A lot hangs on our own experience of what our image of fatherhood is.

There are two extremes – I think of a friend of mine at the seminary who one day told me about his own father. I was complaining about the predictability of seminary institutionalised food, and especially the dried overcooked roast beef we got four times a week in our first year, when he told me of his father who spent the entire weekly wage packet on alcohol. Often his main meal was tea and bread and jam. It sobered me up and I began to appreciate that I didn’t have that experience and I thought of the food differently too.

Another extreme in the other direction was that of St Therese the Little Flower whose father doted on her and he called her has ‘little princess’. In her own writings she admits that she was, as the youngest, rather spoilt by her father after her mother died when Therese was only four. It was heartbreaking for her later to learn of her father’s mental illness and dementia.

Fathers come in different packages and it’s a rather delicate topic.

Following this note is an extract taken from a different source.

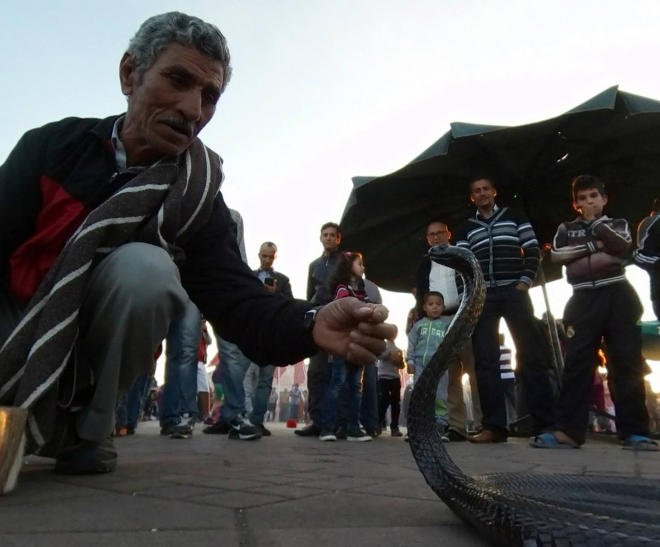 A snake charmer in Marrakesh, Morocco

In this Year of Mercy I think now may be the opportunity - if we need to do so and if we have not yet done so - to forgive our fathers their failings and shortcomings. I see people who live long years of trauma and resentment over the failings of their distant angry fathers – or even towards male father-like dominant figures in authority – such as priests, doctors, Gardai (police) and teachers -  and then who often develop the traits they most hated. It’s a vicious cycle that can only be overcome by forgiveness with God’s grace in prayer.  They strive to still live up to unrealisable expectations. Some people relive old rows, arguments and disputes and harsh words exchanged that stung and continue to sting years later.

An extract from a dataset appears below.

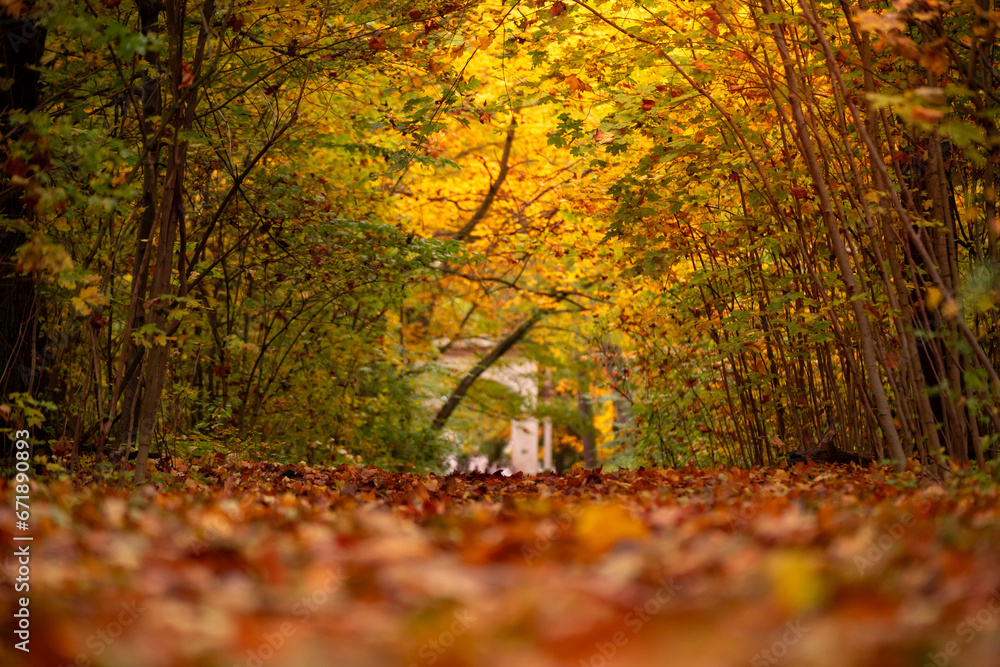 Jesienny krajobraz - kolorowe aleja w parku - obrazy, fototapety, plakaty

So either your father was distant, seemingly unemotional, uncaring, and undemonstrative in affection, controlling, harsh, overbearing, and authoritarian or worst of all, absent

Or

Your father was just honest, diligent, fair, sensible, a man of integrity, with quiet strength, practical, caring and authoritative.

Or he was a mixture of both

It’s so easy to generalise and to concentrate on the negative aspects of our upbringing. It is more challenging, but possibly easier as we grow older, to think of the many sacrifices of our fathers in providing for us, who were there for us on our toddler years holding our hands, and as we grow older, provided sound advice.

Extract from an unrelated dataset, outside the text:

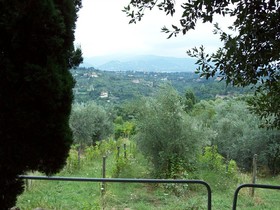 Fattoria Il Milione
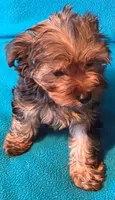 Yellow, a female Yorkshire Terrier for sale in Winchester, IN – 3 of 9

Jesus teaches His disciples, i.e.  us, how to pray to God as Father.

I think that the Our Father can be summed up in 4 P wordsPraise, Provision, Pardon and Protection. We can pray the Our Father better when we learn to appreciate what our father/father figure did for us, when we see how he/they provided for us, financially, materially, advisedly, when we see and appreciate their efforts at our protection, and above all when we learn to forgive them, recognising now our own shortcomings as fathers or mothers.

Praise, Provision, Pardon and Protection therefore are the key words to recognising God’s love for us, as Father, experienced and shown first to us however imperfectly in our own parents and now the key to our praying to God and loving and trusting Him more confidently in the words our Saviour gave us.